= Douglas Watkinson =

English crime writer

Douglas Watkinson is an English novelist, playwright and screenwriter, specializing in crime and mystery. His books feature the hard-bitten, soft-centred Nathan Hawk, a police officer who was 'required to retire' and now works as a private detective. Known for his wit and fiery temper, Hawk is on his seventh case. The first six books are entitled Haggard Hawk, Easy Prey, Scattered Remains, Evil Turn, Jericho Road, and White Crane.

== Career ==
Watkinson has written hundreds of scripts for television, contributing to Lovejoy, Boon, Juliet Bravo, Agatha Christie's Poirot and Midsomer Murders. He also wrote the daytime drama For Maddie with Love.
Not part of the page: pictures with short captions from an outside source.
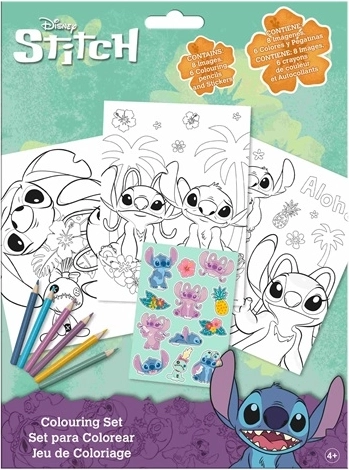 Disney Stitch kleurset met kleurpotloden en stickers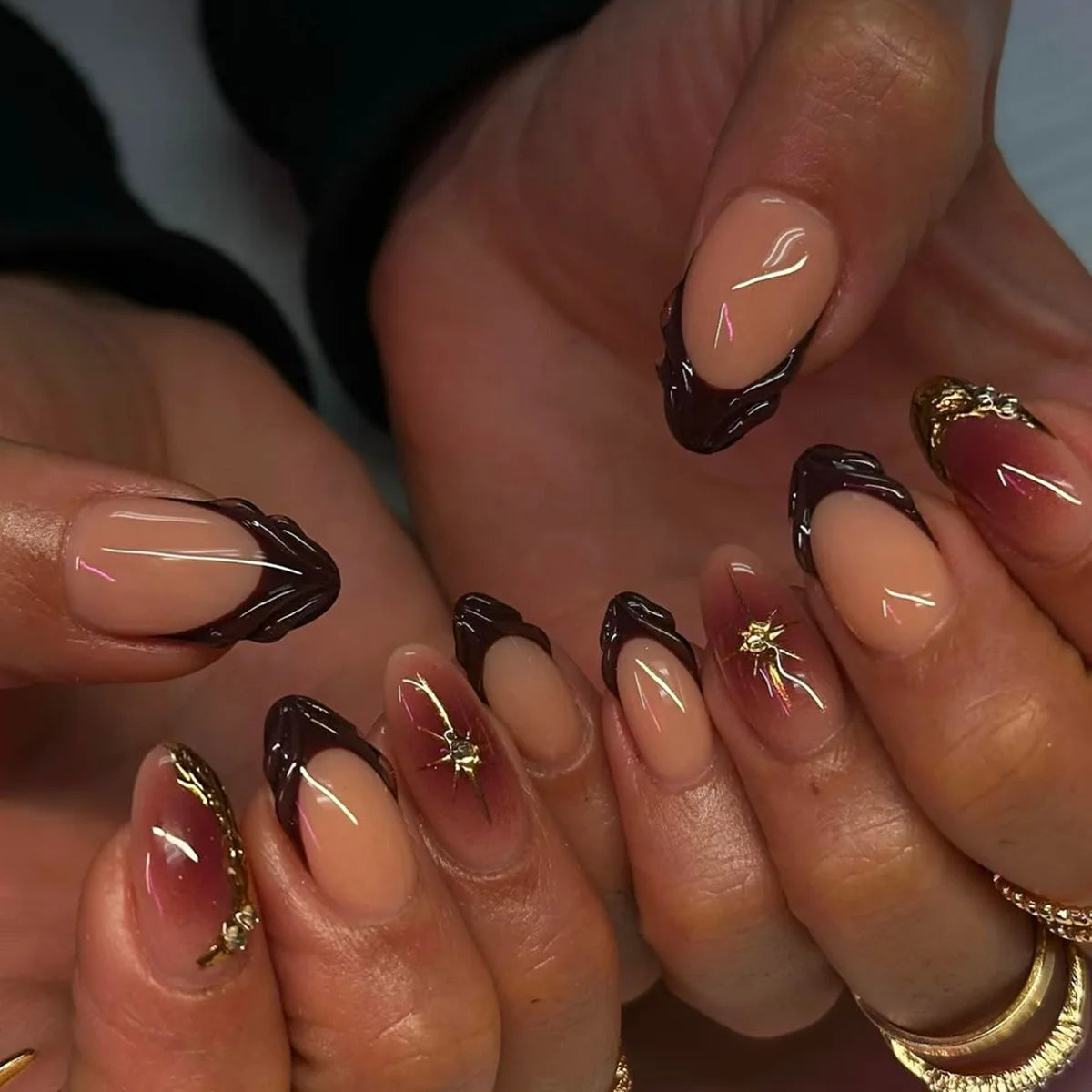24Pcs Y2k Almond Acrylic Nails Full Cover 3D Diamond Black Nail Art Sweet Cool French Wearable Fake Nail Manicure Tips for Girls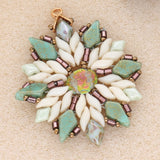 Baroque 2-Loch Cabochon - Backlit Citrine/Pink - PerlineBeads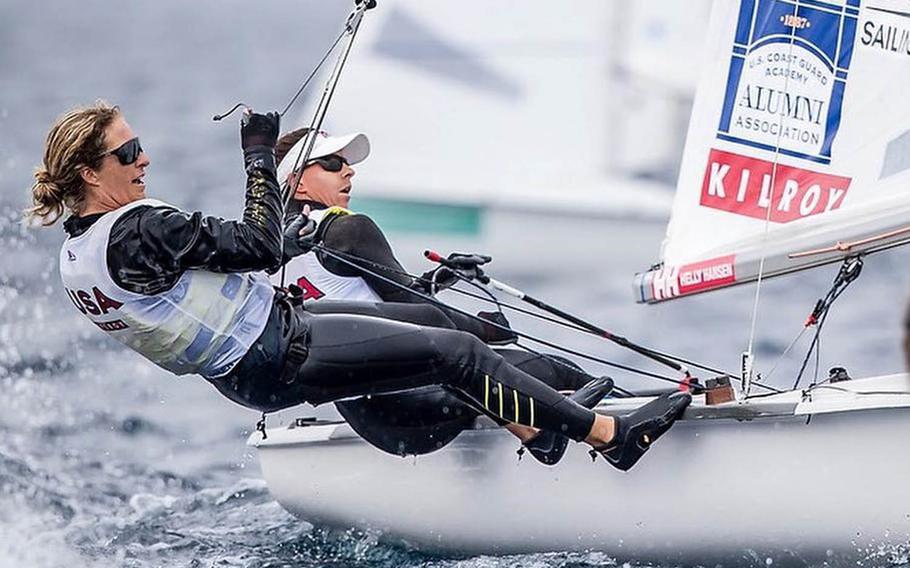 Coast Guard Lt. j.g. Nikki Barnes, right, and teammate Lara Dallman-Weiss will sail for the United States at the Olympic Games in Tokyo this summer. 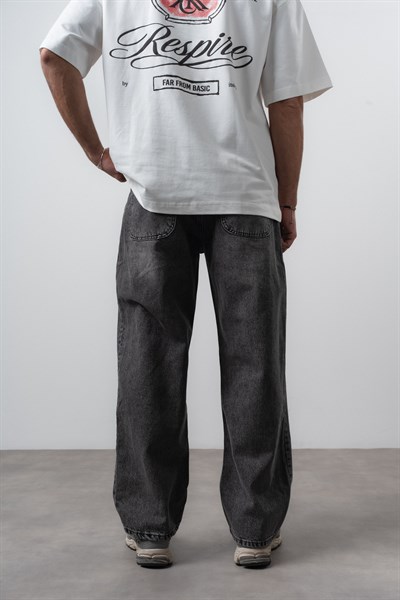 Erkek Dikiş Detaylı Baggy Jean Antrasit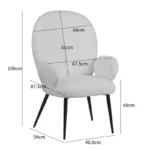 Πολυθρόνα με υποπόδιο Qarar μπουκλέ ύφασμα σε λευκή απόχρωση με μαύρα μεταλλικά πόδια - Image 10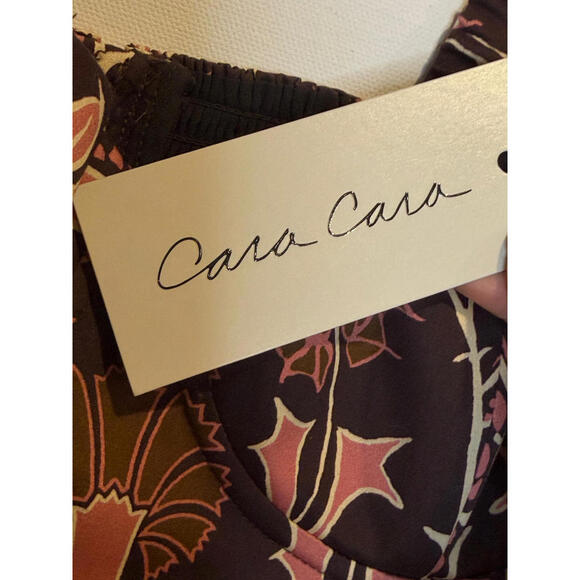 NWT Cara Cara Claudine Top Arcada Chocolate Brown Floral Bustier Cotton Size 0 - Picture 6 of 7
In 1984 he created the short-lived sitcom The New Statesman starring Windsor Davies. He has written four stage plays: Let's Do It My Way, Caesar and Me, The Dragon's Tail and The Wall

== Background and personal life ==
Watkinson was born into an army family and his father served throughout World War II and beyond. He was killed in Palestine by The Stern Gang in 1947. His death is the inspiration for Watkinson's play The Wall, in which a middle aged man visits a military cemetery in Ramleh, Israel and meets a young British soldier who turns out to be his father.
Educated at Haberdashers' Aske's, Watkinson later attended East 15 Acting School, where his first plays were performed.

== Writing ==
Watkinson began his career writing the backs of record sleeves for Decca and at the same time he bombarded television companies with plays. The first to be produced was a thirty-minute two-hander called Click, starring Ray Brooks and John Paul. Since then, he has never been out of work. He was the script writer for several BBC series, most notably Z-Cars, Howard's Way and The Brothers.
His favourite work has been Midsomer Murders, Boon (for which he wrote the establishing episode), Lovejoy, Forever Green and Maybury (which was Kenneth Branagh's first on-screen appearance).